CODART, Dutch and Flemish art in museums worldwide

David Duindam

Holding on to the Past, Preparing for the Future:
Heritage and Depots in Times of Crisis and Transformation
by David Duindam
Lecturer at the University of Amsterdam
PresentationAbstract – Full text

This lecture addresses two issues: the loss and reconstruction of built heritage and the preservation of artworks in museum storage facilities. The value of both movable and immovable heritage is often taken for granted. In times of crisis we are confronted with fundamental questions: is heritage more valuable than human lives? What is lost when we reconstruct buildings and entire cities? This conference takes place in a city that was almost entirely destroyed during the Second World War: only 15% of Warsaw’s old center remained intact. Duindam will start by considering issues of authenticity, the ideology of heritage, and how reconstructions should be present in today’s world.
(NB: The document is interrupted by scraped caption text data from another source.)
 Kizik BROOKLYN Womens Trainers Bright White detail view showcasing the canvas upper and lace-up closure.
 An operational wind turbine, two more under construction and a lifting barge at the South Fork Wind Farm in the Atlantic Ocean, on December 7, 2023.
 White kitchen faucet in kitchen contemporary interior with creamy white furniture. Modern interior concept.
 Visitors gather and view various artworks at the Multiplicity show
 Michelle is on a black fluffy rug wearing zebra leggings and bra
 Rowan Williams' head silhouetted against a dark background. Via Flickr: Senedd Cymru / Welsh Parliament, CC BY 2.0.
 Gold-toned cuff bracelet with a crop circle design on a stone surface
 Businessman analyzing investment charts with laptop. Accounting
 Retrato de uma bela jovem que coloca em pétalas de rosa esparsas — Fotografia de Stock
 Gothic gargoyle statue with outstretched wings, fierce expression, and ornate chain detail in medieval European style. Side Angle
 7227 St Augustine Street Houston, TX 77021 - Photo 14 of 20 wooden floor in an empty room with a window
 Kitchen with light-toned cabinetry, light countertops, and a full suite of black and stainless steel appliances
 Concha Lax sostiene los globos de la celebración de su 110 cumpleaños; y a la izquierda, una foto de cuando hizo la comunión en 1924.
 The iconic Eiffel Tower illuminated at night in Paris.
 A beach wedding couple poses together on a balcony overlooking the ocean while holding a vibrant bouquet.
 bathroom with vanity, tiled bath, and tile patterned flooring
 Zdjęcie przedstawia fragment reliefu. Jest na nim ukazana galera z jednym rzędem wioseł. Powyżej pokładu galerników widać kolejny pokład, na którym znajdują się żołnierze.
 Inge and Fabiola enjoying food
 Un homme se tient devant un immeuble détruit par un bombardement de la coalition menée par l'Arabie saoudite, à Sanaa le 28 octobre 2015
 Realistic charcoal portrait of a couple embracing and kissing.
The second part deals with a different kind of systemic transformation. Museums preserve many of the artworks in their possession in storage facilities, where they are temporarily invisible and inaccessible to the public. Furthermore, besides the artworks themselves, the inner workings of museums – the selection of what to exhibit and what to store away – are also concealed from the public eye. However, the notions of accessibility, knowledge production, and institutional authority are currently undergoing rapid change. The idea of opening up storage facilities to the public seems to be a response to these reassessments. But are we dealing with a paradigm shift towards a democratic, interactive model of the museum depot, or are institutions merely opening up their kitchens on their own terms to provide a semblance of openness in order to ultimately maintain their position of authority?

About David Duindam
Dr. David Duindam is a memory and heritage scholar and lecturer at the Department of Literary and Cultural Analysis at the University of Amsterdam. He studied philosophy and literary studies and was awarded a doctorate on the strength of his dissertation Signs of the Shoah: The Hollandsche Schouwburg as a Site of Memory on the establishment of a Holocaust Memorial Museum in Amsterdam. He is serving as the coordinator of the European research network “Digital Memory of the Shoah,” and is organizing the international conference “Materialities of Postcolonial Memory” (7-9 December 2017, Amsterdam).